EXERCISE PROMPT: Leaving out every picture, quote the data below exactly as it appears.

SUPPLIED MATERIAL:
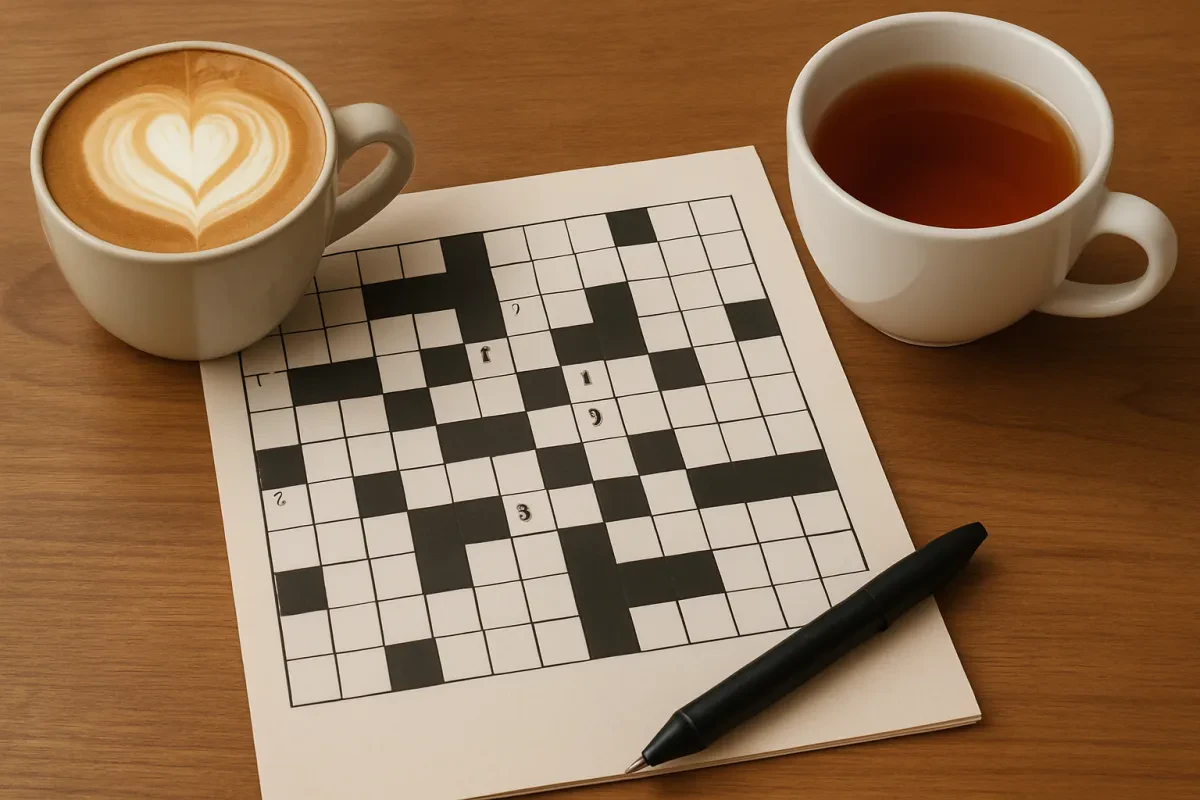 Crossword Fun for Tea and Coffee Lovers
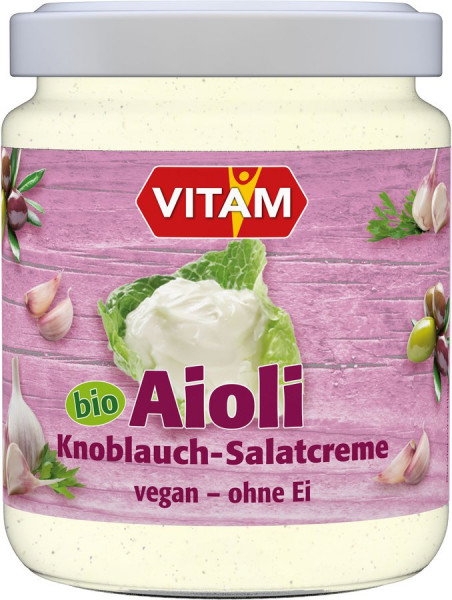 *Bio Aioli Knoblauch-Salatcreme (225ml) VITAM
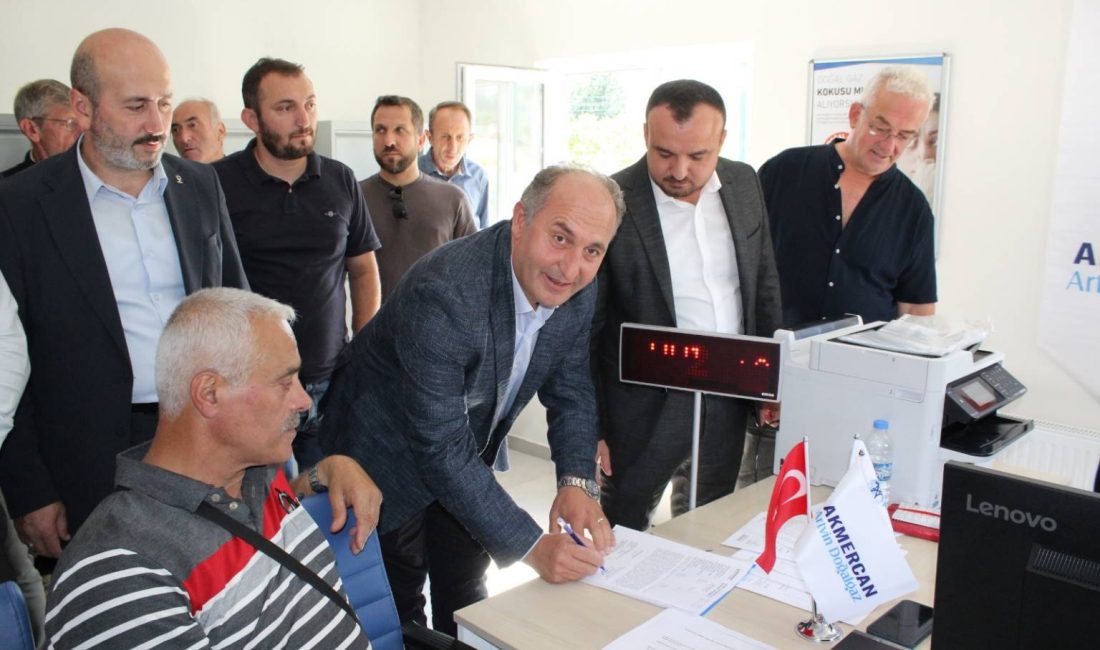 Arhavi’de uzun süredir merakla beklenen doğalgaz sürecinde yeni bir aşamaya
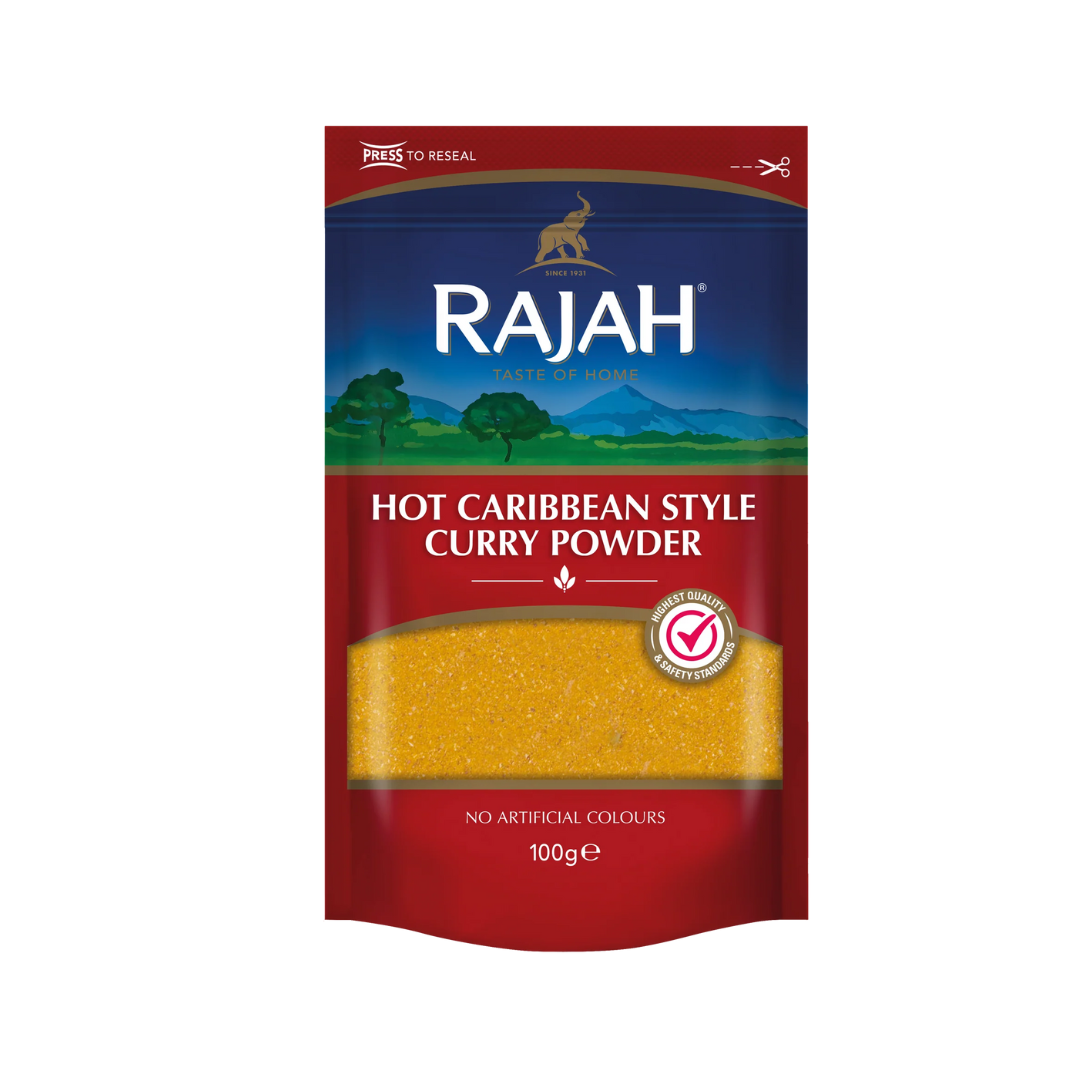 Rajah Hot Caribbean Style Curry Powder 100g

WORKED SOLUTION:
 Crossword Fun for Tea and Coffee Lovers
 *Bio Aioli Knoblauch-Salatcreme (225ml) VITAM
 Arhavi’de uzun süredir merakla beklenen doğalgaz sürecinde yeni bir aşamaya
 Rajah Hot Caribbean Style Curry Powder 100g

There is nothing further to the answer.